**EXERCISE REQUIREMENTS**
From the listing below, retype exactly the line holding "First, you're going", the line holding "Once your audio", and the lines between them; skip everything else.

**RECORDS PROVIDED**
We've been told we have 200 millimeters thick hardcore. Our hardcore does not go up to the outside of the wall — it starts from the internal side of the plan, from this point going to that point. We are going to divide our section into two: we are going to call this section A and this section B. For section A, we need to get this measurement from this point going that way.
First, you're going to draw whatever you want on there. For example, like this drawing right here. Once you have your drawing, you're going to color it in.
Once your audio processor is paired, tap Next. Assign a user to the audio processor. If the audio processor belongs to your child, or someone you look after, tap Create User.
---
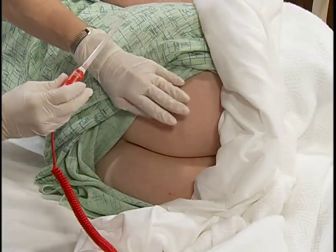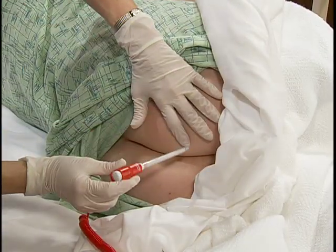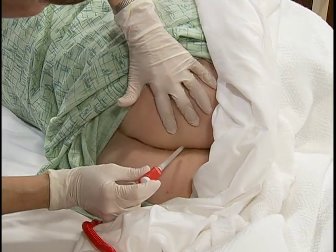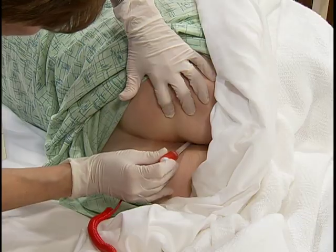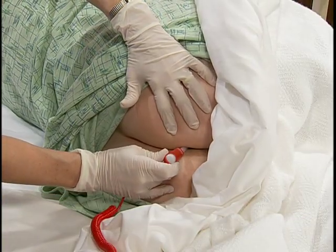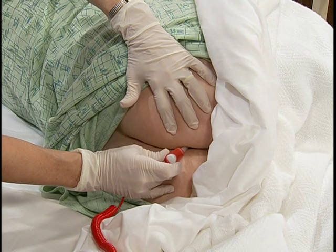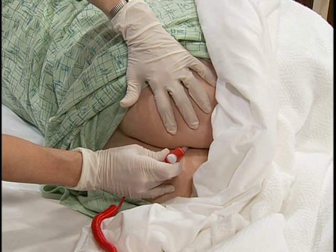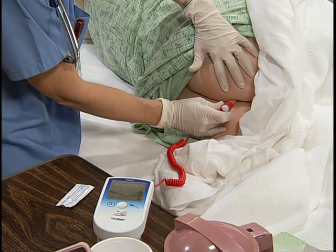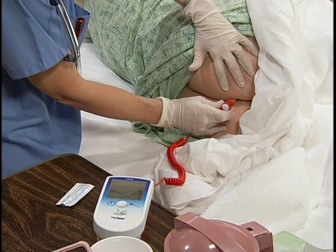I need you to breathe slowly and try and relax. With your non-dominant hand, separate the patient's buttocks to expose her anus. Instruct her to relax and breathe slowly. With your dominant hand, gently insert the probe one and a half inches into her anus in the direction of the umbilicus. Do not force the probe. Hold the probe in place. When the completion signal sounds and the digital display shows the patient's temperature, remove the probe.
...
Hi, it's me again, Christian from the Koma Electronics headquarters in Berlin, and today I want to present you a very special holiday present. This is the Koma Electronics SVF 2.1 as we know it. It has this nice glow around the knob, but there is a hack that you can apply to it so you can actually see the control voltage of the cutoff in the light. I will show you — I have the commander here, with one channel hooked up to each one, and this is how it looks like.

**ANSWER SECTION**
First, you're going to draw whatever you want on there. For example, like this drawing right here. Once you have your drawing, you're going to color it in.
Once your audio processor is paired, tap Next. Assign a user to the audio processor. If the audio processor belongs to your child, or someone you look after, tap Create User.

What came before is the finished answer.